Distributed Systems Fundamentals
A distributed system is a collection of independent computers that appears to users as a single coherent system. These systems are essential for building scalable, reliable, and available applications. ## 1. What is a Distributed System?
Definition
A distributed system is a system where:
- Multiple autonomous computers
- Connected by a network
- Coordinate to achieve a common goal
- Appear as a single system to users
Why Distributed Systems?
- Scalability: Handle more load by adding machines
- Reliability: No single point of failure
- Performance: Process data closer to users
- Cost: Commodity hardware instead of supercomputers
- Geography: Serve global users with low latency
Examples
- Web applications (Google, Facebook, Amazon)

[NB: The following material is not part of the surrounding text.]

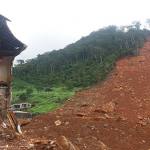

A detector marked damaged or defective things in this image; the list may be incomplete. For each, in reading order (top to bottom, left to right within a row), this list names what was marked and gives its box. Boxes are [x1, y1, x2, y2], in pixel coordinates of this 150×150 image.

rusty metal roof [0, 14, 26, 56]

- Cloud storage (S3, Dropbox, Google Drive)
- Distributed databases (Cassandra, MongoDB, CockroachDB)
- Message queues (Kafka, RabbitMQ)
- Blockchain networks
2. Challenges in Distributed Systems
The Eight Fallacies of Distributed Computing
- The network is reliable - Networks fail, packets get lost
- Latency is zero - Communication takes time
- Bandwidth is infinite - Network capacity is limited
- The network is secure - Security must be designed in
- Topology doesn't change - Networks are dynamic
- There is one administrator - Multiple parties manage infrastructure
- Transport cost is zero - Moving data costs time and money
- The network is homogeneous - Various devices and protocols exist
Partial Failures
Unlike local systems that either work or fail completely, distributed systems experience partial failures:
# In a distributed system, calls can:
# 1. Succeed
# 2. Fail (and you know it)
# 3. Timeout (you don't know what happened)
def call_remote_service(request):
try:
response = http_client.post(service_url, request, timeout=5)
return response # Success
except ConnectionError:
# Service is down - we know it failed
return handle_failure()
except Timeout:
# Did the request succeed? We don't know!
# The request might have:
# - Never reached the server
# - Reached server but server crashed before processing
# - Been processed but response was lost
# - Succeeded but network is just slow
return handle_uncertainty()
The Two Generals Problem
Two generals must coordinate an attack:
- They can only communicate via messengers
- Messengers can be captured (lost messages)
- How do they agree on attack time?
Impossibility result: No protocol can guarantee agreement over unreliable communication.
# General A sends: "Attack at dawn"
# General B receives, sends: "Confirmed"
# But General B doesn't know if A received confirmation
# So B sends: "Did you receive my confirmation?"
# This goes on forever...
def attempt_agreement():
"""This can never provide certainty"""
send("Attack at dawn")
while True:
ack = wait_for_ack(timeout=10)
if ack:
send("Received your ack") # But did they get THIS message?
else:
# Did they not send ack, or did it get lost?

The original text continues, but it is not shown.